*Problem statement*. Lines holding the string "Windows" in the listing below are to be copied.

=== Begin Enclosure ===

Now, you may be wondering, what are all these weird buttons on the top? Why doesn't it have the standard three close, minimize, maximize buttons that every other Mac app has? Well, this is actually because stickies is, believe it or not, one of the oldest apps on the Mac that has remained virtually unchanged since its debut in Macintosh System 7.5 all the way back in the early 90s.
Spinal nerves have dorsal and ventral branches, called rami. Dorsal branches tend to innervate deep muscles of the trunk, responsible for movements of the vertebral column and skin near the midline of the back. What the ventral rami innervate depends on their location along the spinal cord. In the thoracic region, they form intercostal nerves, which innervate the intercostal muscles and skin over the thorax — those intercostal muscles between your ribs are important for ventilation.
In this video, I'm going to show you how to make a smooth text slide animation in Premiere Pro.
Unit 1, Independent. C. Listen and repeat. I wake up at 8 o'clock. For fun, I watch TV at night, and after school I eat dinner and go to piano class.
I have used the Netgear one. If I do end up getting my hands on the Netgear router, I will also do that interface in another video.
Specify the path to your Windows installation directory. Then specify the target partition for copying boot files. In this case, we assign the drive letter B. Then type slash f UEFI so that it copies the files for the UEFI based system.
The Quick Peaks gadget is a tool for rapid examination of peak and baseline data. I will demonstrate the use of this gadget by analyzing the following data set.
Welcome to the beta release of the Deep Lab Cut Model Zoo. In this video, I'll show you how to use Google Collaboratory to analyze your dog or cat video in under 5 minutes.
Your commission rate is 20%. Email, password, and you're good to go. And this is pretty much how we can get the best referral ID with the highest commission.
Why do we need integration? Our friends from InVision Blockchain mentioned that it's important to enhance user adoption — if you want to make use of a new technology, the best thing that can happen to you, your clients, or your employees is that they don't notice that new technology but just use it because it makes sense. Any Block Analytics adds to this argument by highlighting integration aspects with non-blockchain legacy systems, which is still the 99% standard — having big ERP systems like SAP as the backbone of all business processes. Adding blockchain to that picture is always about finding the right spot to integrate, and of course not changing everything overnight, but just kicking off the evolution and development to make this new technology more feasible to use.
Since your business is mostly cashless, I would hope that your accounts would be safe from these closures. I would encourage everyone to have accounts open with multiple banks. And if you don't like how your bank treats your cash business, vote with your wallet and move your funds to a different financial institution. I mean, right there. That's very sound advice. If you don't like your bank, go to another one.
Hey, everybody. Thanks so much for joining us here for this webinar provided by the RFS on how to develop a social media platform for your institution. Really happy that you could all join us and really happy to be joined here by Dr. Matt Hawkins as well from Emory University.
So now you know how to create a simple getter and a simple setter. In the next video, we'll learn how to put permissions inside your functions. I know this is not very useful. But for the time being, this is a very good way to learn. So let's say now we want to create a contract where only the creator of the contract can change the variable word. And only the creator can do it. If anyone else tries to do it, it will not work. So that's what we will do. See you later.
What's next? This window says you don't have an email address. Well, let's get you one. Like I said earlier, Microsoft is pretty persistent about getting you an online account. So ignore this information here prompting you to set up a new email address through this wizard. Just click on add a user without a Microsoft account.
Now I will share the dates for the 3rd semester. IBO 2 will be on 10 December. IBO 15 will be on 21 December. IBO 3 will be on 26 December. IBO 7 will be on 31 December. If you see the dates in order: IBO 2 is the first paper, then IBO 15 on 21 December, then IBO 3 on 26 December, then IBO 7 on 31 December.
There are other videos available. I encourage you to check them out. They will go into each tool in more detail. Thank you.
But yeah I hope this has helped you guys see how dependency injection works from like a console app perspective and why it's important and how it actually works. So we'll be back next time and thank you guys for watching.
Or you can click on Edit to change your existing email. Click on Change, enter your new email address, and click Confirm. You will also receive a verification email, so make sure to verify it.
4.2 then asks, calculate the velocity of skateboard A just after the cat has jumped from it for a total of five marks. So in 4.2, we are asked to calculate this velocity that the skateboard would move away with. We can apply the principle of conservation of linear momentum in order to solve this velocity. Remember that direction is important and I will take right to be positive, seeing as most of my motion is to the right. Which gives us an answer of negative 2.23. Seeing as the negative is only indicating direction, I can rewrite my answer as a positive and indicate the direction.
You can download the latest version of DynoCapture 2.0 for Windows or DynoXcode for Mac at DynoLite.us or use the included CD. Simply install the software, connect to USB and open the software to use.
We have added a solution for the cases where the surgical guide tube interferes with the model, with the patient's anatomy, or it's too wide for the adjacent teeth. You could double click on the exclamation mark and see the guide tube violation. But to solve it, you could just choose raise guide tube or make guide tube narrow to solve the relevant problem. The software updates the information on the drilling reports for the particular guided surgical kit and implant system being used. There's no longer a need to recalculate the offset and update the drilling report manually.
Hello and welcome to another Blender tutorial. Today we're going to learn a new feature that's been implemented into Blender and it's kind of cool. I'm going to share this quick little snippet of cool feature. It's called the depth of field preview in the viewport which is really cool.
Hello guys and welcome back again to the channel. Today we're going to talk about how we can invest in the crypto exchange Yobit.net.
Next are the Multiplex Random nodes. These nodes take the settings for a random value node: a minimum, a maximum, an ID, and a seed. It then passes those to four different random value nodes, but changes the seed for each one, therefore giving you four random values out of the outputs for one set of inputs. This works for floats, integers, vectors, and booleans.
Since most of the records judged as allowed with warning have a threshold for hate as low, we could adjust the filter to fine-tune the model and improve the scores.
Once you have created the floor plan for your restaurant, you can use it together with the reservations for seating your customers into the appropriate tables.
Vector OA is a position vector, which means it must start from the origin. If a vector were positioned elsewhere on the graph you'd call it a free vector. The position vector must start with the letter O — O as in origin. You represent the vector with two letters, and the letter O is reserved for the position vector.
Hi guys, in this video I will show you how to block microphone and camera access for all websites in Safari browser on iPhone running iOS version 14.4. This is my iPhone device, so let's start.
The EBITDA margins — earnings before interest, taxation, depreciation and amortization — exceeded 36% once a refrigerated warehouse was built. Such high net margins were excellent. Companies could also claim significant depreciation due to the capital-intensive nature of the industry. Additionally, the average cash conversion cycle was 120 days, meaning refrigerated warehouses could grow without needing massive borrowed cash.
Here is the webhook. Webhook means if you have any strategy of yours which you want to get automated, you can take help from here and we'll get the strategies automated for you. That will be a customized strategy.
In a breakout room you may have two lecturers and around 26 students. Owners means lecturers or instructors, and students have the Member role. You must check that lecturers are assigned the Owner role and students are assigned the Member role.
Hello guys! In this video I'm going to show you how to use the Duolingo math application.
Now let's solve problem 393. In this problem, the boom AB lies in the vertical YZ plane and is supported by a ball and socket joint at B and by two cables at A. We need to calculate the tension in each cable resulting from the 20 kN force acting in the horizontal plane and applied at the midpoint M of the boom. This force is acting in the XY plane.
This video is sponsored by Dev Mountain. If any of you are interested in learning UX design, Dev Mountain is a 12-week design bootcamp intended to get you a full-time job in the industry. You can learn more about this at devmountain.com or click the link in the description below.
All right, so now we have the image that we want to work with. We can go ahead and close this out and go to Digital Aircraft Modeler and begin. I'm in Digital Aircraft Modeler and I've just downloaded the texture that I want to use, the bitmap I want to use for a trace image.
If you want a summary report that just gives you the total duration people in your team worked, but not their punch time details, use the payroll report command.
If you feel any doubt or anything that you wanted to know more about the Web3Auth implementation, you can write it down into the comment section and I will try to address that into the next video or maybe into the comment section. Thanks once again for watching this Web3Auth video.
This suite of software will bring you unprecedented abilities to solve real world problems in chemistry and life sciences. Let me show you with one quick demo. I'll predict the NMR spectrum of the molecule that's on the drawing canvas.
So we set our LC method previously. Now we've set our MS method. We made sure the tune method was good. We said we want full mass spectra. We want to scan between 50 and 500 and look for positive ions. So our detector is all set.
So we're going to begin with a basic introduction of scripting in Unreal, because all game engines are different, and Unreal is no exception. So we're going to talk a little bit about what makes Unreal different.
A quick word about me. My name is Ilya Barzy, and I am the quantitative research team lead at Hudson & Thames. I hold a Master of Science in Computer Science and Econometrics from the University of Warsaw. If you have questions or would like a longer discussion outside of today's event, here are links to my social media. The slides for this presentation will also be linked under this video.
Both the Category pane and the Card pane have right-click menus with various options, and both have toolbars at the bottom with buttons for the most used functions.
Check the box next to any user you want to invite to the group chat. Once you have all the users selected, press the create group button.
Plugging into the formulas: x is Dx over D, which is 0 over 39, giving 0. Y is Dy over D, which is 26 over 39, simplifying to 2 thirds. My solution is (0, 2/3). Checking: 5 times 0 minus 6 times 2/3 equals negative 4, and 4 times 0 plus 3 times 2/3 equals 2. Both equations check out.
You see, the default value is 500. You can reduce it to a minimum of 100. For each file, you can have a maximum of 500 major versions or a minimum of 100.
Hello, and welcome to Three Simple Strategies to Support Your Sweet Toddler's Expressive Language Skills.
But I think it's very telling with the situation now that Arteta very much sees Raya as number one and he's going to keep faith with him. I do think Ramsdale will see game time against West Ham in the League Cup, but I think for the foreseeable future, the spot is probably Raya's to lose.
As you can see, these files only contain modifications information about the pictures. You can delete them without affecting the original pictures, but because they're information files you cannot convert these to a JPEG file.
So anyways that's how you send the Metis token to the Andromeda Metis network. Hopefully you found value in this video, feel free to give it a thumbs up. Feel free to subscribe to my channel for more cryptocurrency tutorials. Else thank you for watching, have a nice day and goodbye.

=== End Enclosure ===

*Task response*.
Specify the path to your Windows installation directory. Then specify the target partition for copying boot files. In this case, we assign the drive letter B. Then type slash f UEFI so that it copies the files for the UEFI based system.
You can download the latest version of DynoCapture 2.0 for Windows or DynoXcode for Mac at DynoLite.us or use the included CD. Simply install the software, connect to USB and open the software to use.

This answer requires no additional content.